I sympathize with the DL gay athletes and celebs we read so much about. They are inevitably portrayed in the gay media as closet cases, cowering in fear, afraid to be true to themselves. It never occurs to the gay establishment that perhaps these guys are being true to themselves. Perhaps they don’t “come out” because they haven’t been offered anything worth coming out to. They see the gay community in 21st century America as a tedious bore, and at times a bit of a freak show.

Like your writer, I no longer truck with gay officialdom (I was an early member of my college gay rights group back in the day, and an original “ACTUP-er”). I have nothing to say to those folks that they are even remotely interested in hearing. I no longer describe myself, or even think of myself, as “gay”. The term is now about gender, not sexuality.

For men like me (not only comfortable, but raucously enthusiastic, about trad gender), it’s best to avoid Gayworld altogether. Like an agnostic in church, sooner or later it dawns on you to move along and find new friends. Let one of the true believers have the pew space.

I like the term “MSM” [Men who have Sex with Men], popular with DL African-American guys for years (although I realize black MSMs often have a touch of denial about sexual orientation, which seems to lead unsafe sex – not good). For “MSMs” like me, the Internet is perfect for finding like minded guys, and weeding out the rainbow-flaggers. I also believe the strictly apolitical bears represent a quiet rebuke to the gay left establishment. So I hang out with the bears whenever possible.

Gay groups that skew towards conservative interests are great places to meet normal gay guys. I go to Log Cabin meetings, even though I’m a moderate Democrat. I go to Dignity services, although I’m not a super devout Catholic. I hang out at gay country western bars, even though I don’t like country music. I’m not a great ballplayer, but I join the gay softball leagues. As a lawyer, I’ve found gay bar associations are a great place to socialize with like-minded guys, as long as the politicos aren’t in charge.  I’m even trying to break into a cop/firefighter/military gay group, even though I’ve never been any of those things. Strange yes, but extreme measures are called for once you’ve lost interest in rainbow flag world.

Of course, I have huge sympathy for my reader. I’ve long had issues with a super-gay world as portrayed by the pomo-left tendency. And I think many in the gay community don’t fully understand how their hostility to old-fashioned comfort in one’s own gender marginalizes many who deserve no such thing. As more gay men come out, this has changed somewhat. There are now far more places for men who have no gender issues and who enjoy more traditionally masculine pastimes to meet and congregate and socialize and find husbands and boyfriends and flings. From a plethora of sports bars to sports teams to online hookups, “non-scene” gays now have a foothold. But it’s a precarious one, and often subject to a certain amount of shunning or even ridicule.

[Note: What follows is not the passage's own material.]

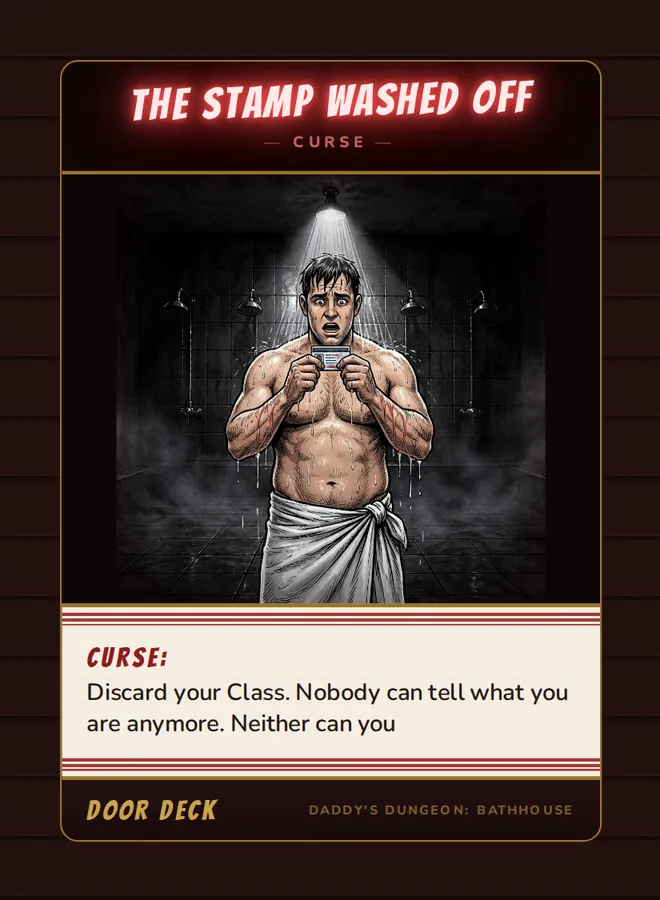 Curse! The Stamp Washed Off, a curse card from the Door deck of Daddy’s Dungeon: Bathhouse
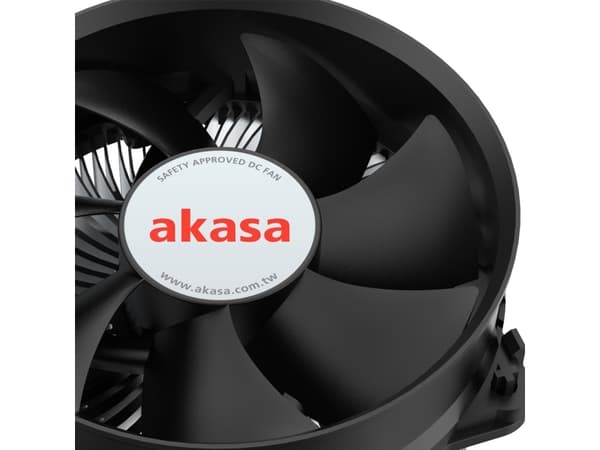 Akasa Intel LGA1700, Hybridkjøler, 9,5 cm, 11,7 dB, 36,6 dB, 53,62 cfm, Aluminium, Sort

In some ways, the emphasis on military service and marriage equality was designed to create an atmosphere in which more gender-conforming gay men could feel welcome, enfranchised, and equal in both the gay and straight worlds, and, of course, to reach a place where that division is not so clear-cut. But it can also mean a drifting away from the gay “community” in favor of a simpler and less defined way of life as a man who can fall in love with another man, or just fuck one. That’s in part what I mean by the end of gay culture. It may also be a birth of a new, and more inclusive, one.